Each agent has the ability to interact with the world where it might alter the state of the environment, based on some actions it does. And as a result of such actions, a reward signal is transmitted from the environment to the actor (agent implementing the action).
Some agents are designed spectate other agents' actions and rewards, so it would not have to suffer all consequences while it learns optimal moves.
What I did initially, is defining the following methods on the environment class:
- Interact(action, actor) that return a tuple of both reward signal and new state
- GetState() returns current state
- Spectate() returns a collection of what happened in terms of actor, action, original state, new state, reward obtained.
But this seems to complicate my design and prevent me from scaling the system afterwards.
I was seeking some general way for different agents and environment(s) to interact without explicitly calling methods of certain type or sending out an identifier to the actor.
So I thought of having some mailing system, where an actor (agent) send a message to the environment through a mailbox, and the environment would read the incoming message, interact with it, and return a message to sender (the actor).
Meanwhile, curious agents would read a copy of the returned message that is published for whomever is interested.
This might sound like an observer pattern, except that each agent and the environment(s) are eligible for observing interactions, both for direct interaction and for learning from others' mistakes.
That means, notifications are bidirectional, so it will be an overhead for each object to maintain a list of subscribers to notify when some event occurs.

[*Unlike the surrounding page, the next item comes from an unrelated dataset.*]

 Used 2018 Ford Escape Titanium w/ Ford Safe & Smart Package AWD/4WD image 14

Also, since this is an AI simulation, some processes might be stochastic, e.g. spectating might not be 100% of the time for curious agents.

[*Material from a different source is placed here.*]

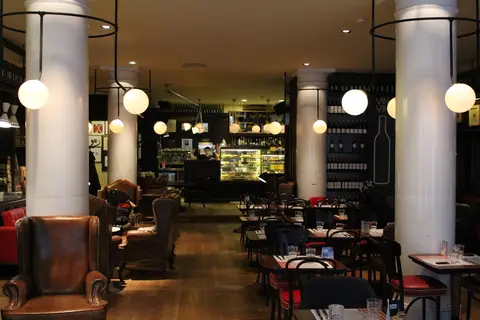 Brown's Boutique Hotel in Almada, foto 13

So we have multiple client classes (not sharing the same super-class) that are capable of messaging one another via what is similar to an Enterprise Service Bus
And what I called PostOffice, would have a Factory method, spawning a mailbox object for each object attempting to message other objects.

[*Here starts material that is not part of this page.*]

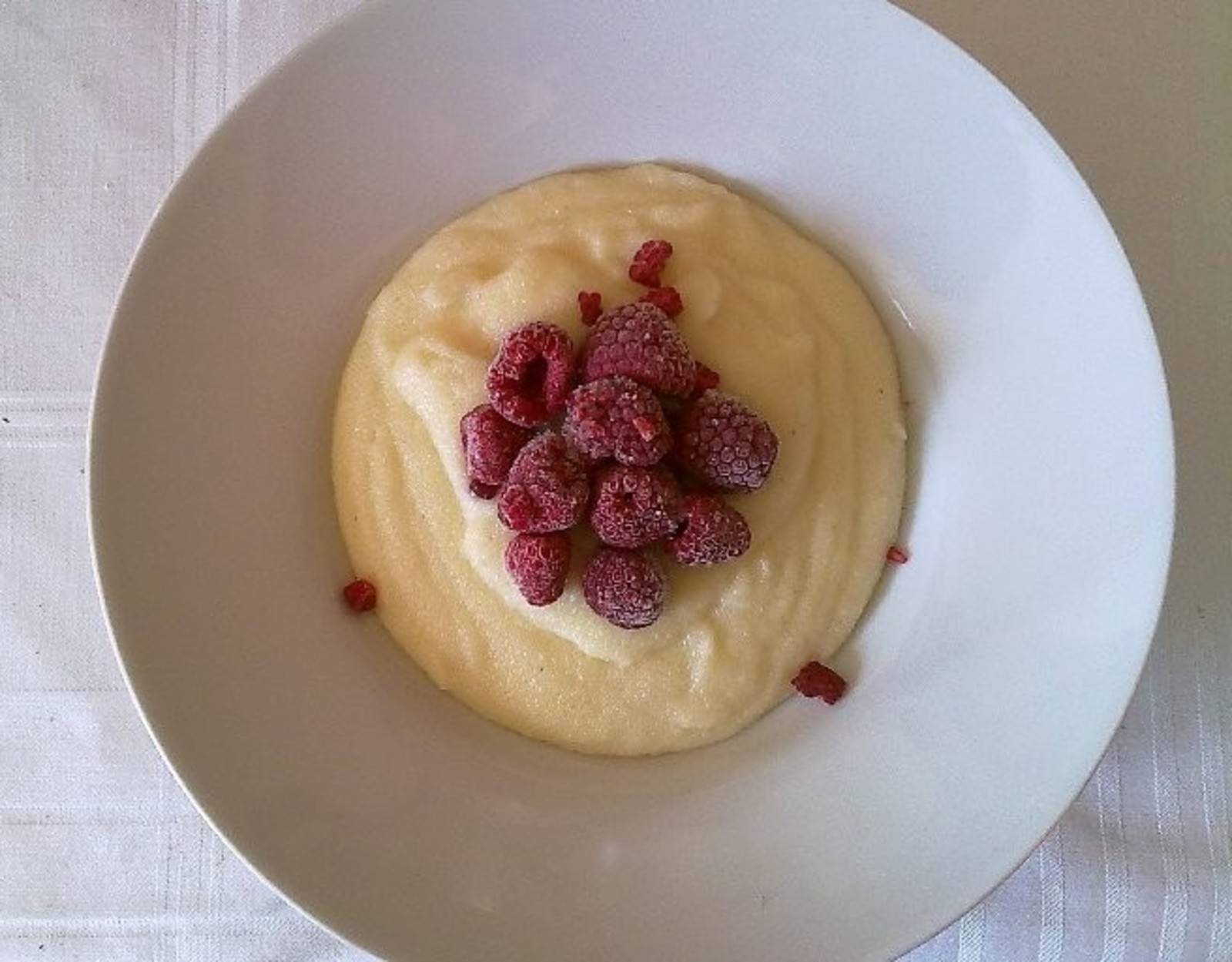 Grießflammerie mit Himbeeren Rezept - ichkoche.at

So whenever a client object attempts to mail some other object, they would lookup some sort of a directory method, and send a message to the identified mailbox address through the associated mailbox object.
Mailbox object in turn, will notify the post office object, that will forward the message to the receiver mailbox, that will hold this message until the receiver client checks for a message and reads it.
It is some sort of message queuing but at the object level not at an enterprise level
- Is there such design pattern?
- Are there drawbacks for such approach?